I was afraid for the pain I knew society would inflict on him, even more than he had already lived through as a bi-racial gay man. As he became increasingly open about his real gender she would find increasingly hostile attitudes and much increased risk of violence.

I led with my fucking cowardly impulses and instead of giving him the support and encouragement she needed I told her I was afraid for him. I explained why. That there would be pain and risk and hurt. I didn’t tell him that she should always live the truth he has in her heart. I failed to tell her that I will love him no matter what, and that I wanted to see him feel as free in her body as I feel in mine. Instead I told him about the violence and hatred I read about and that I was afraid for her.

I don’t know if my uncompromising support in this matter would have been the thing that kept her feet from that train track a few weeks, maybe two months later. There are so many reason she ended up there that day. However I do know that there was a moment that I could have spoken kind words of encouragement and support. I could have cut through that layer of fear that wrapped my heart and allowed my true self to be put out there just as she had done moments before.

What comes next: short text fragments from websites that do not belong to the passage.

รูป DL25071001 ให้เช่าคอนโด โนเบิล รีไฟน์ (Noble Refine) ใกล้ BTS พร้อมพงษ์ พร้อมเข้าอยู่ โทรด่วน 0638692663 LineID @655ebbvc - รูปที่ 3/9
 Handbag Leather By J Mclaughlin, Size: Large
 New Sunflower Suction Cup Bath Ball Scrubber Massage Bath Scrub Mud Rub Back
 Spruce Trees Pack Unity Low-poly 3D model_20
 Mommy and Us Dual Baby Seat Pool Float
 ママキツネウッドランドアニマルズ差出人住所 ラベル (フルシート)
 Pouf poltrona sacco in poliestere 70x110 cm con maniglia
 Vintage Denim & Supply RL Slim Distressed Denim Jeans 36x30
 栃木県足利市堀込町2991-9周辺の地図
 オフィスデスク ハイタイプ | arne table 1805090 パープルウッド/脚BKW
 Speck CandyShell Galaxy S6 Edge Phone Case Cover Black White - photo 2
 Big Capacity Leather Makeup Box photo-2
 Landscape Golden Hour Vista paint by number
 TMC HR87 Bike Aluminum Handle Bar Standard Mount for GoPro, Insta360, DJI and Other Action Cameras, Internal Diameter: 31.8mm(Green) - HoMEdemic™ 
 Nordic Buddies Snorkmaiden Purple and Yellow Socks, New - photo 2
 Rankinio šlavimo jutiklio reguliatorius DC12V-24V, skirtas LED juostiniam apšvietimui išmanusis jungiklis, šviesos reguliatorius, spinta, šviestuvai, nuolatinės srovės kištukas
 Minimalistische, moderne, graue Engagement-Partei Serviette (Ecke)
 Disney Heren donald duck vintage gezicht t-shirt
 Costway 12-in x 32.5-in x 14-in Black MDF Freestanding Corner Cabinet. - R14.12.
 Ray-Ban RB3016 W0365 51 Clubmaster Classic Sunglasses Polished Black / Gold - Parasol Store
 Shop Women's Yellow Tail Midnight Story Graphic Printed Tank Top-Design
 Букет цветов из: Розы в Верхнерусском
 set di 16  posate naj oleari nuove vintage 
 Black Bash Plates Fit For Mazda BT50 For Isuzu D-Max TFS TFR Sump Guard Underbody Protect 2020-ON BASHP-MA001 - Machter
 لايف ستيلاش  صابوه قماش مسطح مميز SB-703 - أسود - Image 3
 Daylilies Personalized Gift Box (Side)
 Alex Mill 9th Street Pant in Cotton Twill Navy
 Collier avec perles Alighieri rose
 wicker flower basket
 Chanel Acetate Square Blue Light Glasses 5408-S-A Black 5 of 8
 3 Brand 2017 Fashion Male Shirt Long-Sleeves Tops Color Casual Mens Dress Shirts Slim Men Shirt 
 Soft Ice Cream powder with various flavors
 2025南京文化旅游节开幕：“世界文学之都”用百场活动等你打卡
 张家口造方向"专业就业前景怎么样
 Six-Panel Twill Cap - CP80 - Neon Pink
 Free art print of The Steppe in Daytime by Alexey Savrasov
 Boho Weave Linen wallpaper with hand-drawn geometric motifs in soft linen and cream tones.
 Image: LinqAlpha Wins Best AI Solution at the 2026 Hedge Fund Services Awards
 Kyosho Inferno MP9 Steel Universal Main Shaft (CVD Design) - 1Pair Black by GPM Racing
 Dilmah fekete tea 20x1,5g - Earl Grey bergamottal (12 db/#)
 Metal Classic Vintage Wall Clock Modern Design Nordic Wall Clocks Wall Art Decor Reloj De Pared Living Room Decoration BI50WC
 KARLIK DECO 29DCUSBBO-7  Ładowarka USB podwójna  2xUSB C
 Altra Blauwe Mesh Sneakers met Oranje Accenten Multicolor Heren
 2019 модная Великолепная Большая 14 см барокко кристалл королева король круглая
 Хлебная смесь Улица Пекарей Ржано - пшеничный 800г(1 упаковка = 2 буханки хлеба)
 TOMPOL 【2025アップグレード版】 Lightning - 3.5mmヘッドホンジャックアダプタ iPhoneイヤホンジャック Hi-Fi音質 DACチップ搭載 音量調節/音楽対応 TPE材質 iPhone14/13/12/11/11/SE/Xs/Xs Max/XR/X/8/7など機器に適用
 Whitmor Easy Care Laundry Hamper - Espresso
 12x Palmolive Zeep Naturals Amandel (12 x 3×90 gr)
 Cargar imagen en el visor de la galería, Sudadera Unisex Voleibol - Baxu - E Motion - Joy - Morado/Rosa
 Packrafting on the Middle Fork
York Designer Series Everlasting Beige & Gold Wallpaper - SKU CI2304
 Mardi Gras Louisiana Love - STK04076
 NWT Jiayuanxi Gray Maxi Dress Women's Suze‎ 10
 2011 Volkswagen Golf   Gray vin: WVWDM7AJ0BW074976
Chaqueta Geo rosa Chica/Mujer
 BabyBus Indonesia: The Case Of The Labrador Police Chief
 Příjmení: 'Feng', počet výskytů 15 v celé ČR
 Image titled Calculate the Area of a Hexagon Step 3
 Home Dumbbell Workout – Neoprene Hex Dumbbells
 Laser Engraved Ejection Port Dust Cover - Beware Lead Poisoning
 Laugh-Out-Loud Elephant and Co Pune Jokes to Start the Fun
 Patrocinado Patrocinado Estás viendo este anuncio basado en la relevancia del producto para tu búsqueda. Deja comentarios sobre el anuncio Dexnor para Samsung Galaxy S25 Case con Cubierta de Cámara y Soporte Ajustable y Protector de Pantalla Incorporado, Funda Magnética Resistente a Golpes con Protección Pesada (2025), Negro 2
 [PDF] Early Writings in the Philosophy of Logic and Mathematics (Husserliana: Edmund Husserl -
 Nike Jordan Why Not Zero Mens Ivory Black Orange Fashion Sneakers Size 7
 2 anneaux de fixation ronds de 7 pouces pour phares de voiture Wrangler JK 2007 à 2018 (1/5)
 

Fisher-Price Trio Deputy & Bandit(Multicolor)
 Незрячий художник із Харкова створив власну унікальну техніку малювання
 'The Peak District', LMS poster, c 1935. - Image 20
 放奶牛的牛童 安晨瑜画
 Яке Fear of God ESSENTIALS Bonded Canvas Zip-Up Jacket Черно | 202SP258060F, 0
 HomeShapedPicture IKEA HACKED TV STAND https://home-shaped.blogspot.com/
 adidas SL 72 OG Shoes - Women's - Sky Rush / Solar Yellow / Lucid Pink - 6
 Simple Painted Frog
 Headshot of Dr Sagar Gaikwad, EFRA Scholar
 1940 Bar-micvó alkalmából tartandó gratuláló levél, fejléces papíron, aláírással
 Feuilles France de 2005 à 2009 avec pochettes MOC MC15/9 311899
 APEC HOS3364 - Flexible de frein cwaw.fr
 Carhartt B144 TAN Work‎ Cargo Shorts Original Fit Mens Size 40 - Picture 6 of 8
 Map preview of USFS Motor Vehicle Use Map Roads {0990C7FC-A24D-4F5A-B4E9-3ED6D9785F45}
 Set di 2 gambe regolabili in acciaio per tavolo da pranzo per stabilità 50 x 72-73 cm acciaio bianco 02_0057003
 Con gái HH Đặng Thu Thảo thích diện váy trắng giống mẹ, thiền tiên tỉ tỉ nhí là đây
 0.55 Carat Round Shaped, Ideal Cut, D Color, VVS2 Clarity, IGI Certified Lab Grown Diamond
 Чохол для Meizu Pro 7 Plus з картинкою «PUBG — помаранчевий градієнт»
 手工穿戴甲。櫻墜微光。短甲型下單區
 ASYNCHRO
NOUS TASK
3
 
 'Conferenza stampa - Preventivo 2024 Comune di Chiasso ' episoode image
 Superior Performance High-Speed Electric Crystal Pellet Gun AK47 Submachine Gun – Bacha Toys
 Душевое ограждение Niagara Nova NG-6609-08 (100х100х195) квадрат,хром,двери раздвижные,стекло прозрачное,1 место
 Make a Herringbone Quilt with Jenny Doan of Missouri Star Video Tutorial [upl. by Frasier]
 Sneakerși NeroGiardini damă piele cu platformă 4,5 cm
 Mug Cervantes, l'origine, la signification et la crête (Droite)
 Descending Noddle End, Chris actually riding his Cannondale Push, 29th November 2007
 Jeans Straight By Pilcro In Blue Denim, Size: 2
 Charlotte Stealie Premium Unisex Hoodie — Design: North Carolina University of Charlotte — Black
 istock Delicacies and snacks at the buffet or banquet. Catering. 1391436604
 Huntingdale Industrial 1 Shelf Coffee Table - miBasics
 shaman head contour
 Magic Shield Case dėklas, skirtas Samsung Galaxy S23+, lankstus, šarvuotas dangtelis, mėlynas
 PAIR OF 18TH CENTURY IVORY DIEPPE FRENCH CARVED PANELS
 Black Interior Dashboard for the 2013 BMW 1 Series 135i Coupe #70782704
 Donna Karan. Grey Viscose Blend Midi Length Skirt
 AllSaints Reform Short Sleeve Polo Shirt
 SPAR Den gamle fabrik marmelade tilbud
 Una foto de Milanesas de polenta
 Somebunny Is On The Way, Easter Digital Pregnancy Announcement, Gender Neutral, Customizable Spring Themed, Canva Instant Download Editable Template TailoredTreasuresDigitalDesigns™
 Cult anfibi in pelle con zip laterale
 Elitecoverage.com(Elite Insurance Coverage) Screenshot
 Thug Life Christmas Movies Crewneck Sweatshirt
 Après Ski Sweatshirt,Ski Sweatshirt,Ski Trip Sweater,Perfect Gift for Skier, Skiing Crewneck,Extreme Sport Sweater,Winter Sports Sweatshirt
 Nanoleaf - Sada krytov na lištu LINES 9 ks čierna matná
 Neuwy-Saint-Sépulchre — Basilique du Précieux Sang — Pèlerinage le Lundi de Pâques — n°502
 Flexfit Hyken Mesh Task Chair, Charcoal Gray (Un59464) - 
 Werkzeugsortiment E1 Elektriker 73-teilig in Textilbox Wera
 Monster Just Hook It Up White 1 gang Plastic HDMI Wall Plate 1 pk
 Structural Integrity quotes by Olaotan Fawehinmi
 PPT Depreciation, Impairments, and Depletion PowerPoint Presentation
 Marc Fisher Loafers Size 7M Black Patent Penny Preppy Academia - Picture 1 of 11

Now, years later, I hold onto this as one of many little moments I could have been a better person. I think of the amount of bravery that moment took Xavier. To admit something to a family member like this, not knowing how they would respond. Then how alienated she must have felt after the response she heard. Kira was so brave and I was so chicken-shit.

She died. She left us all behind. I try to remember some wisdom I heard about a family member that is the victim of suicide. That “it isn’t about us”. It tells me that she fought an inner war that was bigger than any person around her. It helps me move on when guilt is pointlessly intense. But it’s not an excuse. And memories like this drive who I am.

I’m not sure how to wrap this up. I do know that when a family member or friend or random stranger needs your support you just fucking give it. You ignore any words that come to mind that aren’t in alignment with that person feeling your total and complete love and support. Anything else is bullshit.

This is what Kira deserved before she died.